Image-caption web data:
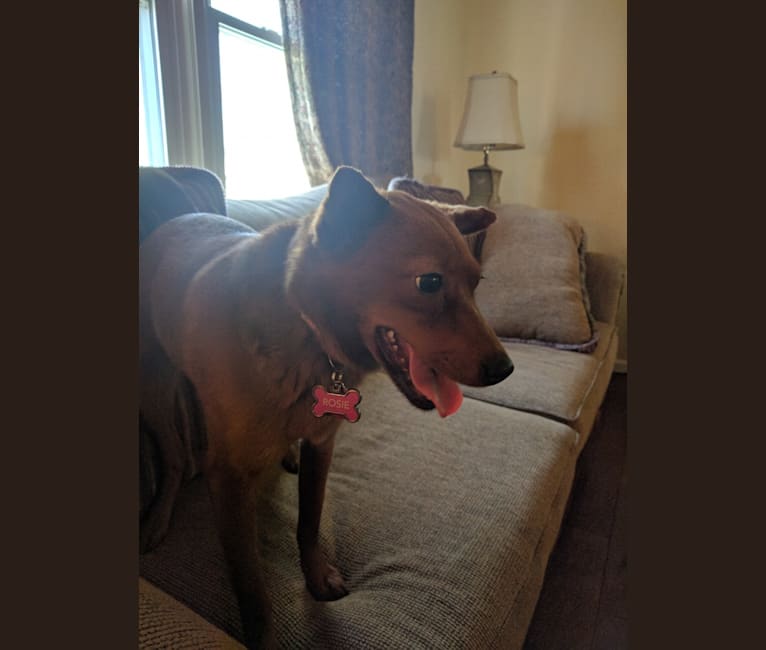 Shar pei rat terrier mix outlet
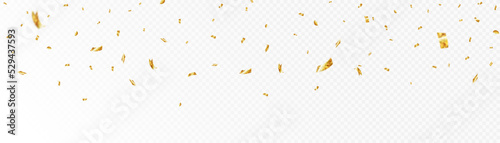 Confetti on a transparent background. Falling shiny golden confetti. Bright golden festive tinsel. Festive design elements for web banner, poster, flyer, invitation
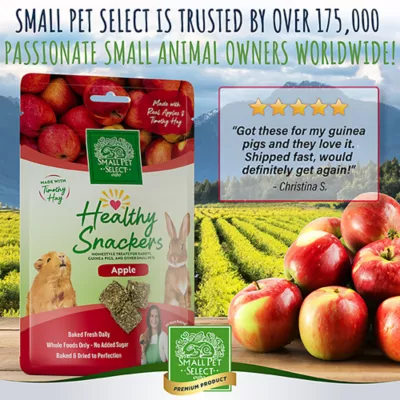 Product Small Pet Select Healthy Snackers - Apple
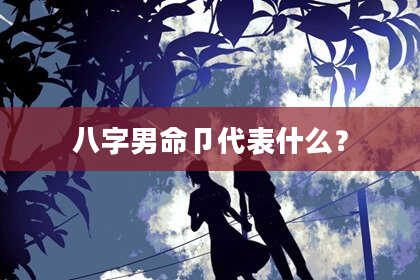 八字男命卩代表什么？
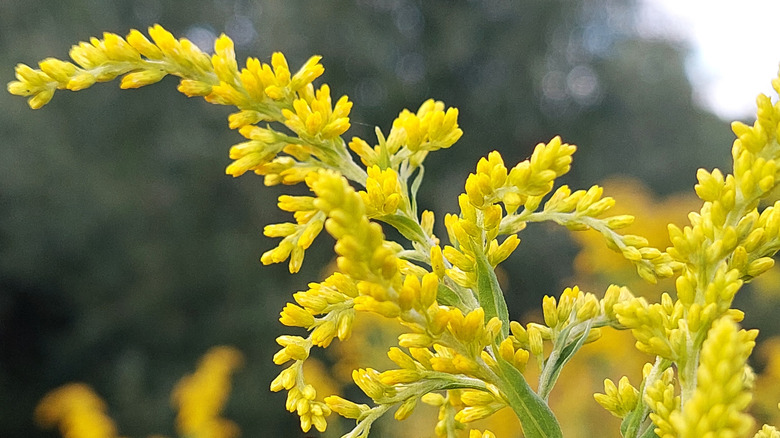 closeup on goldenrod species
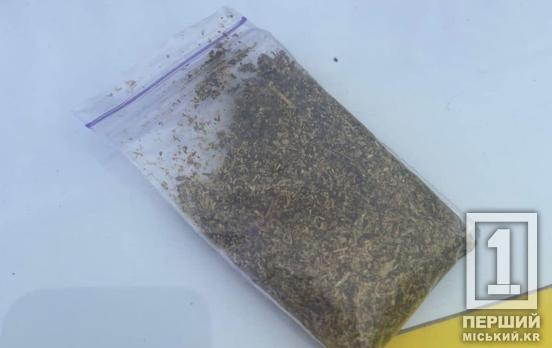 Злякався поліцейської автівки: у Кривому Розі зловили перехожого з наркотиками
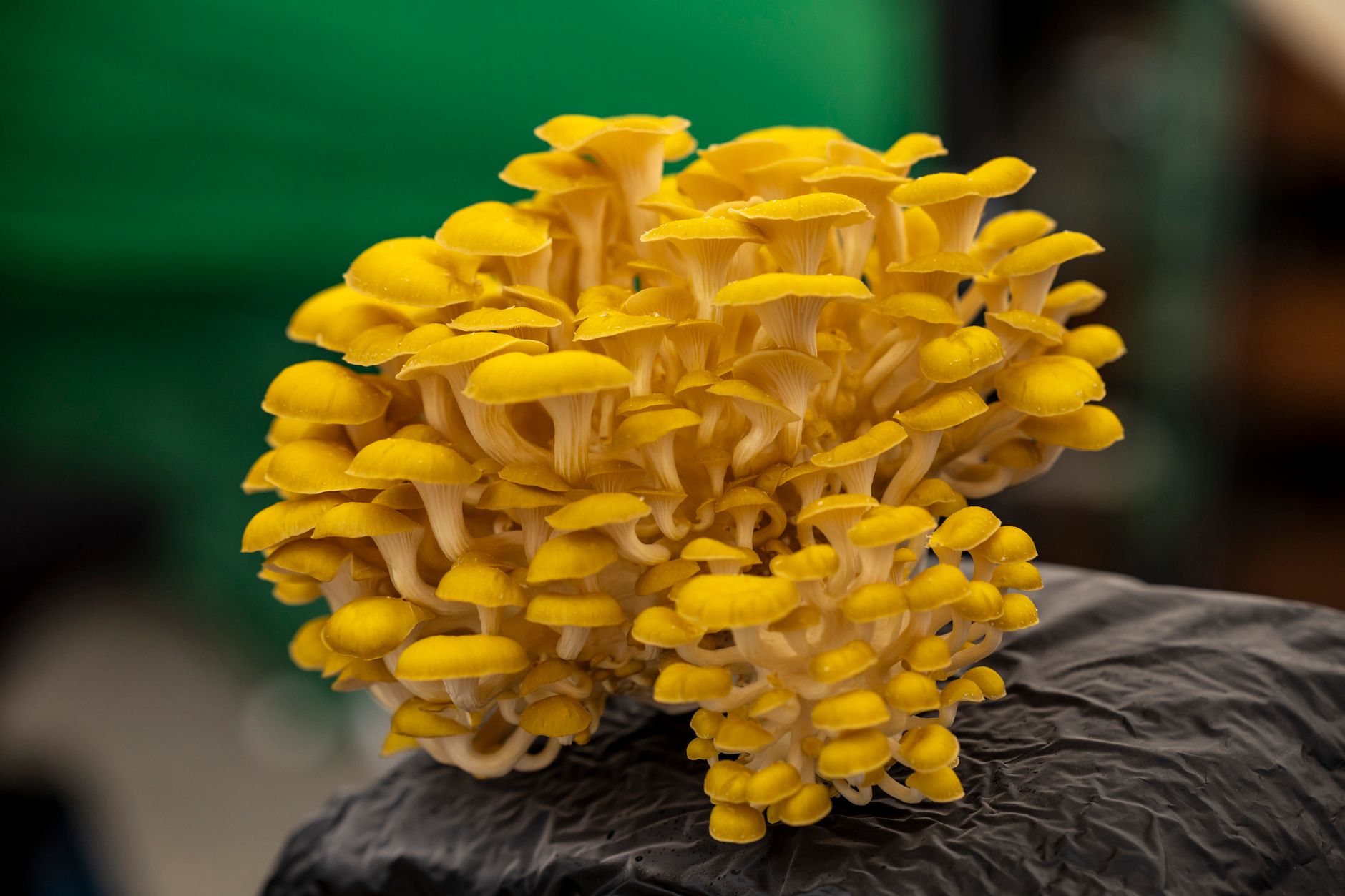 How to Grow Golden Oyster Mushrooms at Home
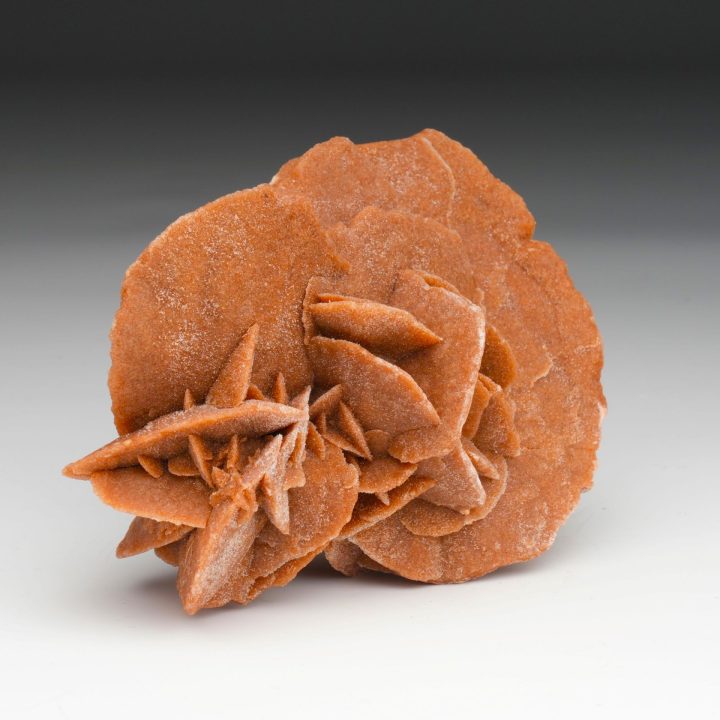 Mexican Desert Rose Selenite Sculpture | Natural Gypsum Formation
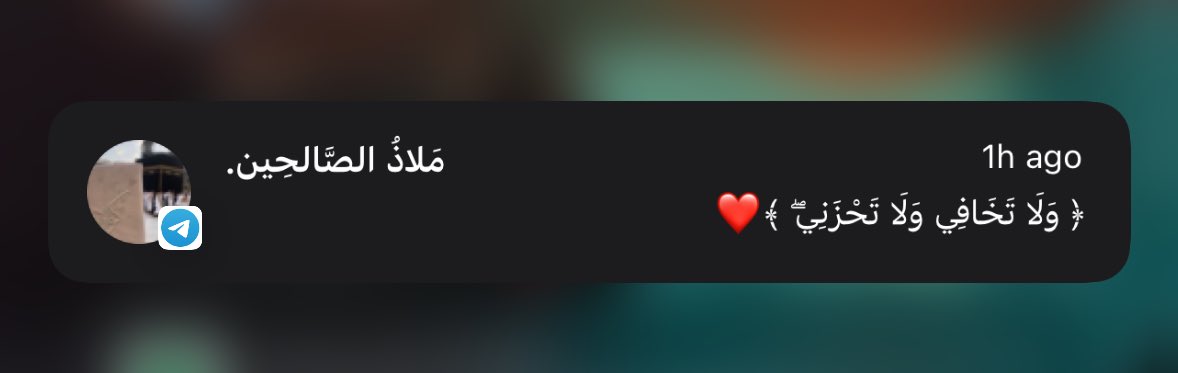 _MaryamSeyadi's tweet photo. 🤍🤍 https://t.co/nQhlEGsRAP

# TASK BRIEF:
What is needed is an exact reproduction of the data, pictures excluded.

# ANSWER:
 Shar pei rat terrier mix outlet
 Confetti on a transparent background. Falling shiny golden confetti. Bright golden festive tinsel. Festive design elements for web banner, poster, flyer, invitation
 Product Small Pet Select Healthy Snackers - Apple
 八字男命卩代表什么？
 closeup on goldenrod species
 Злякався поліцейської автівки: у Кривому Розі зловили перехожого з наркотиками
 How to Grow Golden Oyster Mushrooms at Home
 Mexican Desert Rose Selenite Sculpture | Natural Gypsum Formation
 _MaryamSeyadi's tweet photo. 🤍🤍 https://t.co/nQhlEGsRAP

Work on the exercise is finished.